Essay
Yasuyuki Hayama*1, Ammer Harb1
1Department of Design, Politecnico di Milano, Milan, Italy
Abstract
What alternative narratives can be imagined for the future of death? This essay aims to conceptualize the term “More-Than-Death” depending on an urgent concept of “More-Than-Human”. By revisiting “tabooed death” from a speculative design, the authors consider the possibility to release the death argument from “life exceptionalism,” reconsidering the meaning and relationship of life and death and, more broadly, death and others’ life and earth. It is true that discussing death itself can be naïve, and the relationship between death and life must be discussed carefully. However, it is also necessary to consider the various negative possibilities of turning away from the discussion of death and stopping to think about it. We propose a speculative design perspective because it is concerned with the consequences and implications of today’s actions on the future of humanity. Consequently, this paper attempts to interrogate the tabooed topic of death from critical and speculative standpoints and to cross the boundaries of controversy between death and life in design.
Keywords
More-Than-Death, More-Than-Human, Speculative Design, Anthropocene, Narratives of Change (NoC)
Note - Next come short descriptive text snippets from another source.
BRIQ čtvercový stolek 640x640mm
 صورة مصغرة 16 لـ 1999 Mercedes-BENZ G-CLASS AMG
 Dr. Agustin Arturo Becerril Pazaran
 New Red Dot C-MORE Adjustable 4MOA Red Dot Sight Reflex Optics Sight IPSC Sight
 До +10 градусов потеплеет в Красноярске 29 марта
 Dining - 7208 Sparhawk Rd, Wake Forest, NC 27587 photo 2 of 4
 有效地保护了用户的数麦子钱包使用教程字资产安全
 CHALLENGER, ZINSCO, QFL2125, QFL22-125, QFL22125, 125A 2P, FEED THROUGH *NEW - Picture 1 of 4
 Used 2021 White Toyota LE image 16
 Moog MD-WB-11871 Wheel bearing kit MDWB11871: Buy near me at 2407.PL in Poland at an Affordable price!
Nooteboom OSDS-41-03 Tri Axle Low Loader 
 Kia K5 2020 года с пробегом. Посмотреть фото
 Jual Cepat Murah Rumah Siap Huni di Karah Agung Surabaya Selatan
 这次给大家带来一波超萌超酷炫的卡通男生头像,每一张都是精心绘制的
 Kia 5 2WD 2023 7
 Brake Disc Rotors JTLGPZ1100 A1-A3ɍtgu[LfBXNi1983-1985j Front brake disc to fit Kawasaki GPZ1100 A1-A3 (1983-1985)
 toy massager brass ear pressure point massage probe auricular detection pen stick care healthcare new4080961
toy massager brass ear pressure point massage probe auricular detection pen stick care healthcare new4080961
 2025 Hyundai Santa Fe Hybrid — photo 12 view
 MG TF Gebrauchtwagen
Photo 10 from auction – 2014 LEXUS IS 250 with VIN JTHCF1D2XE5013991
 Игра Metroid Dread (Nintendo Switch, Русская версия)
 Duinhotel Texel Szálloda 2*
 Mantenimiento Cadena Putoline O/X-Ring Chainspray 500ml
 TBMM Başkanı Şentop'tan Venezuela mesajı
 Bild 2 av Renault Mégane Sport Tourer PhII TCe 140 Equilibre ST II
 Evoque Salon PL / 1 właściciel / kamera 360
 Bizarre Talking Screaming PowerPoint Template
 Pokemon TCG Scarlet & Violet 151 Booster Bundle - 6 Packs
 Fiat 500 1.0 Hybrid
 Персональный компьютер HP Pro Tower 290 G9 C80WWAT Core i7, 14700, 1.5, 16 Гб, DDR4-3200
The aim of this essay: conceptualization of “MORE-THAN-DEATH”
This essay aims to conceptualize the term “More-Than-Death” depending on an urgent concept of “More-Than-Human.” By revisiting “tabooed death” from a speculative design perspective, the authors consider the possibility to release the death argument from “life exceptionalism,” reconsidering the meaning and relationship of life and death and, more broadly, death and others’ life and earth. It must be acknowledged that tabooed death might cause excessive life exceptionalism, which might trigger a cessation of thought on various issues related to life and death, thereby closing the opportunity for macro and multilateral discussions on life and death for the realization of a globally sustainable future society (Ellyard, 2011). It is true that discussing death itself can be naïve, and the relationship between death and life must be discussed carefully. However, it is also necessary to consider the various negative possibilities of turning away from the discussion of death and stopping to think about it.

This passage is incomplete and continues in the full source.